Start of Data section
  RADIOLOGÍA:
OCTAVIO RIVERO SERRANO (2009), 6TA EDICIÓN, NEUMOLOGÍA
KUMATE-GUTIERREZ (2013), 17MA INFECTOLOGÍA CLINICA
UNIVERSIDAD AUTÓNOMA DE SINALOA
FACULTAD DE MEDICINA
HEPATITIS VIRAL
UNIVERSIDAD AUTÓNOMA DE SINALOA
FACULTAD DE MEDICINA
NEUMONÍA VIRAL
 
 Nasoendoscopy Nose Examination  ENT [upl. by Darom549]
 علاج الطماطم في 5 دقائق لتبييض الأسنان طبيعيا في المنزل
End of Data section
Only the lines from the one with "NEUMONÍA VIRAL" through the final line above belong in the answer, each reproduced word for word.

Completed exercise
NEUMONÍA VIRAL
 
 Nasoendoscopy Nose Examination  ENT [upl. by Darom549]
 علاج الطماطم في 5 دقائق لتبييض الأسنان طبيعيا في المنزل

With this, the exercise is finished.